I've read several of the other posts here about this, but my problem seems to fly in the face of the general wisdom posted here (Is the order of static class initialization in C# deterministic?) and several related posts.
I've got an ASP.Net 4.0 application, and my Application_Start() method runs through touching a lot of things to get them set up. One of those things is initializing our db connection string for our DAL, others initializing other variables. A couple of days ago our release builds started blowing up, and after adding a lot of debug logging, the cause turned out to be a new static initizalizer being called before Application_Start() was officially entered and trying to access our DAL before it was initialized. And this seems to run afoul of what I see in other posts here about the order of execution for static constructors and initializers.

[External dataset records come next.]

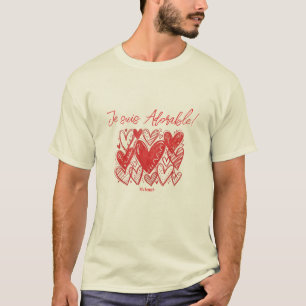Je suis Adorable! Charming Heart Pattern T-Shirt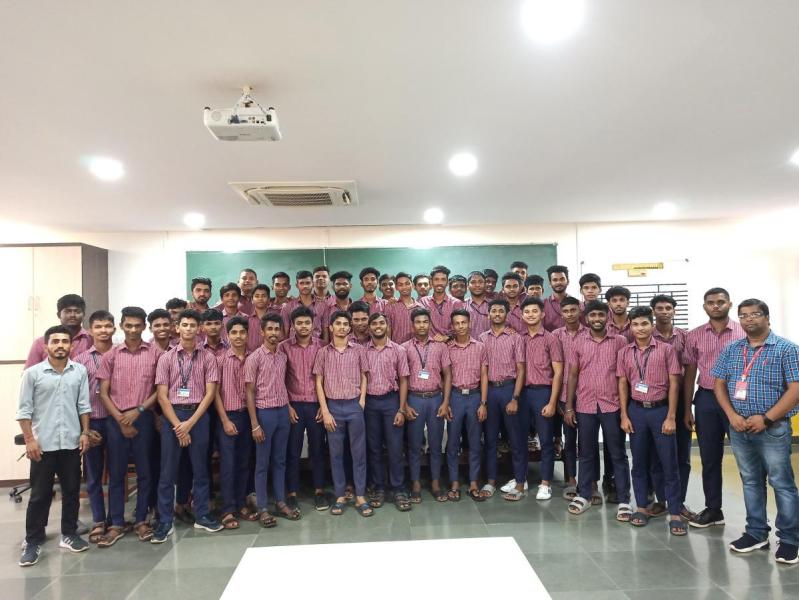 On October 18, 2023. Introductory session in  'Think Design Prototyping and 3D Printing and Robotics session to Second Year Electrical and Electronics Department students of Government Polytechnic Curchorem, Curchorem-Goa. Speakers are Mr. Siddhant Panjikar and Mr. Shivraj Naik. Total number of students are 44.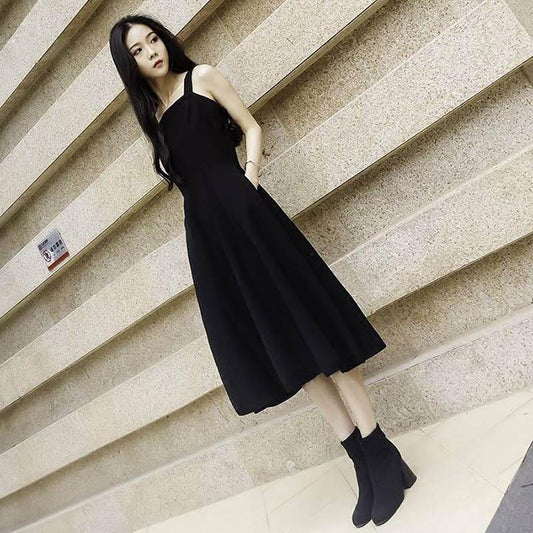 Pofulove S-3XL Women Frosty Long Black Camisole Dress Sexy Slim Sleeveless Dress A-line Dresses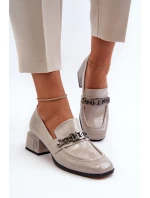 Lakové lodičky na podpatku šedé S.Barski MR38-960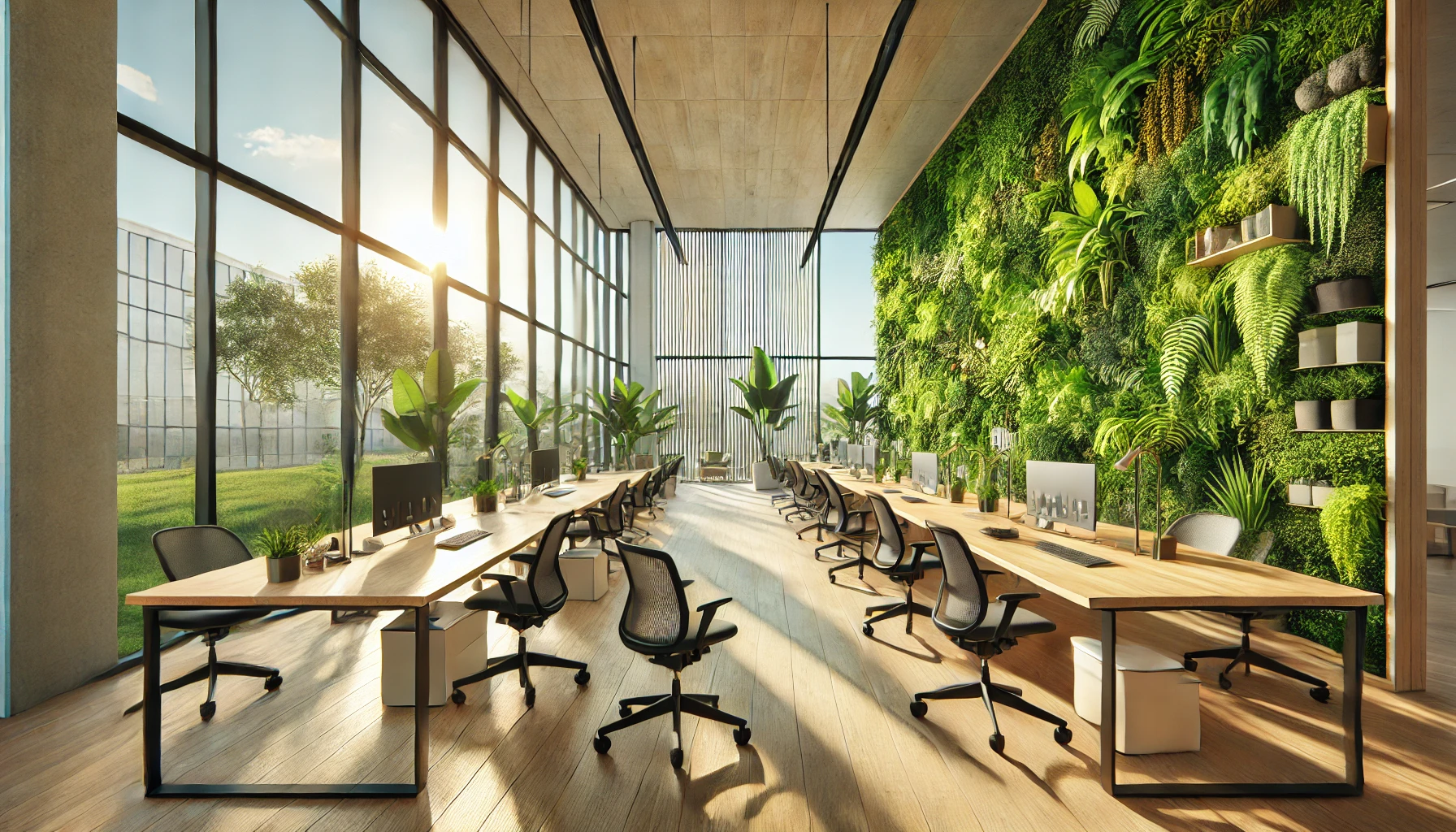 A modern office featuring biophilic design elements such as a green wall and abundant natural lighting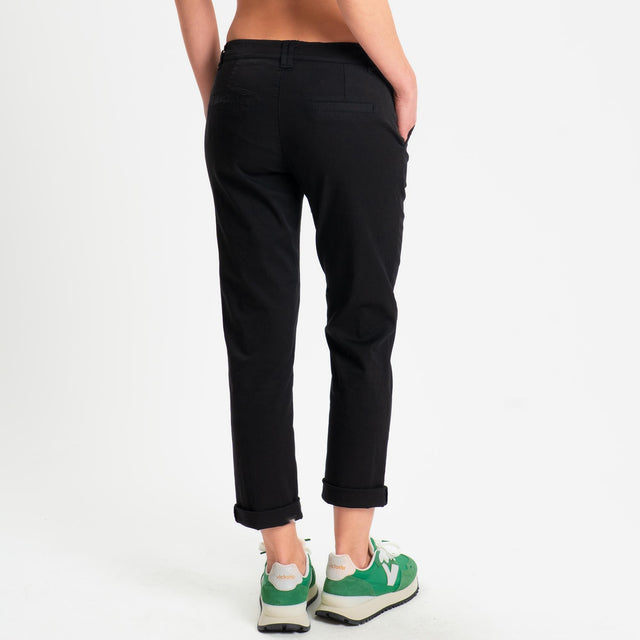 Zeroassoluto- Pantalone LOIS chino cotone elastici - Nero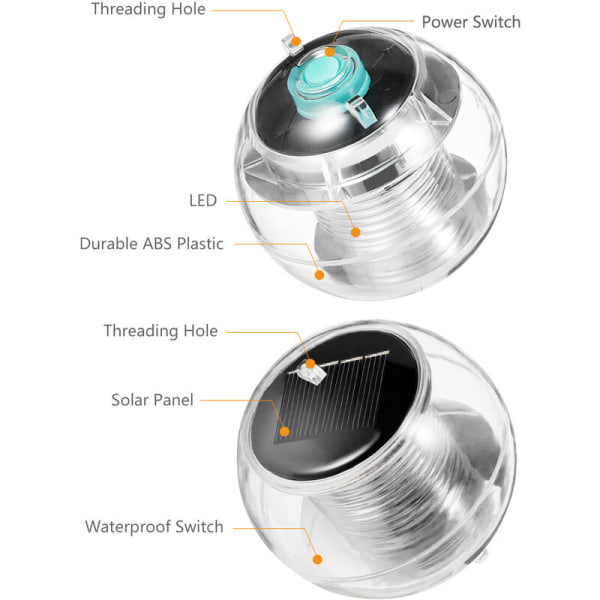 Uima-altaan valo, 2 kpl 7 väriä vaihtavaa aurinkokäyttöistä kelluvaa lampea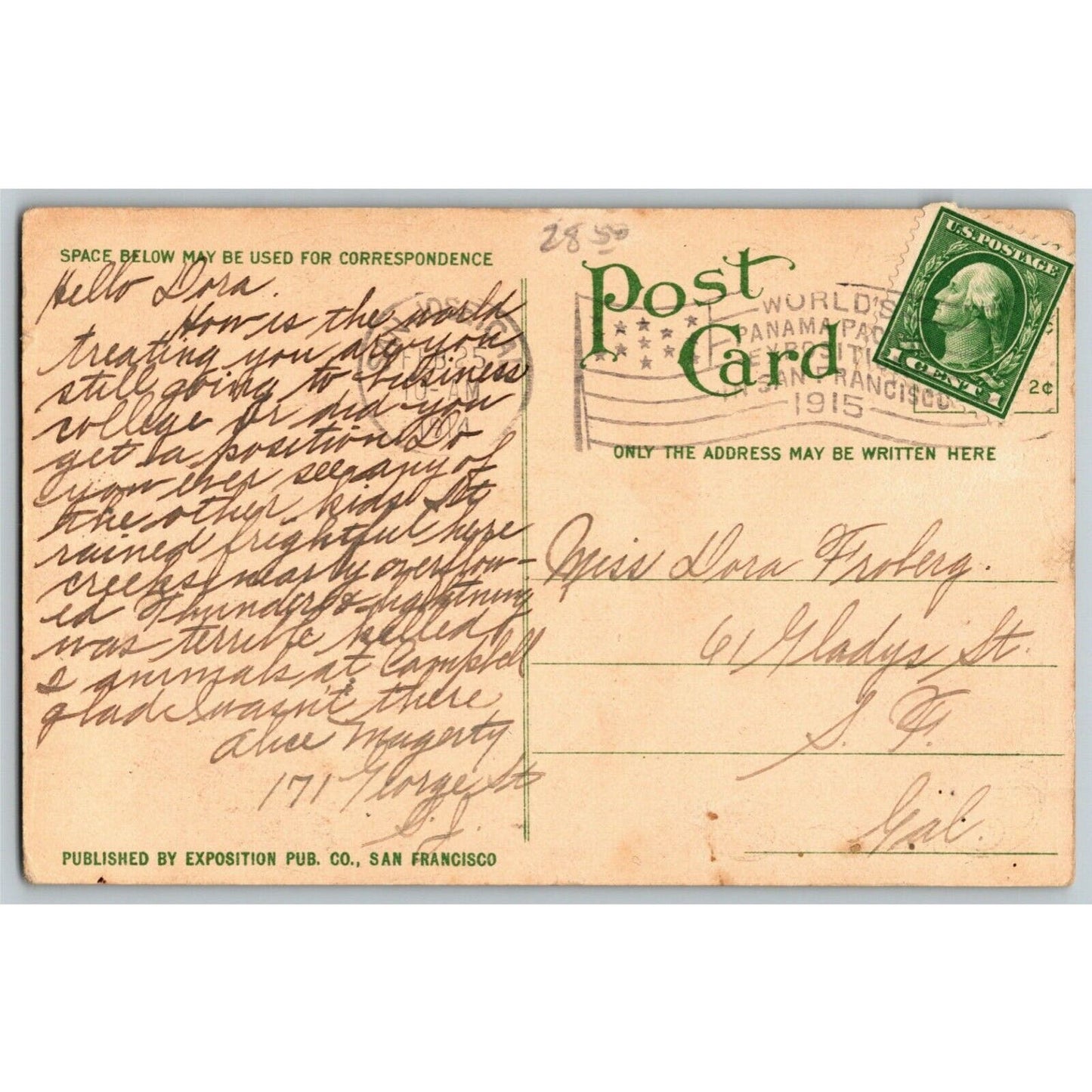 Vintage Postcard 1915 Panama Pacific Exposition "Progress Bids Commerce" (1)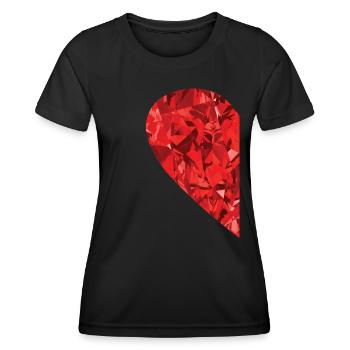 Partnerlook Herz als Geschenkidee - Frauen Funktions-T-Shirt - Schwarz - Vorne - AI Model Female 172 light (172cm)
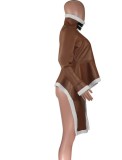 Winter Brown Faux PU Leather Patch Fleece Zipper Up Long Sleeve Irregular Coat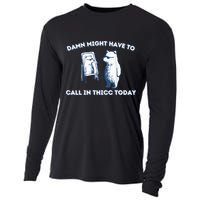 Damn Might Have To Call In Thicc Today Meme Cooling Performance Long Sleeve Crew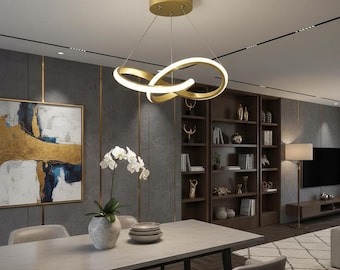 Lámpara de araña LED dorada con anillos entrelazados | Lámpara colgante moderna con diseño infinito | Iluminación para comedor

Specifically, the static initializers are not being run at the point in the code where they are called; the stack traces in the release build indicate that release compilation shuffles them up to be part of entering Application_Startup(). In other words the stack trace when it blows up shows Application_Startup() on the stack - but no line number associated with it. The stack trace for the DAL initialization does show the line number.
To flesh out some pseudo code, we have
Application_Start()
{
DAL.Inst.GetSetting("ConnectionString"); // tickles the singleton to get the DAL initialized.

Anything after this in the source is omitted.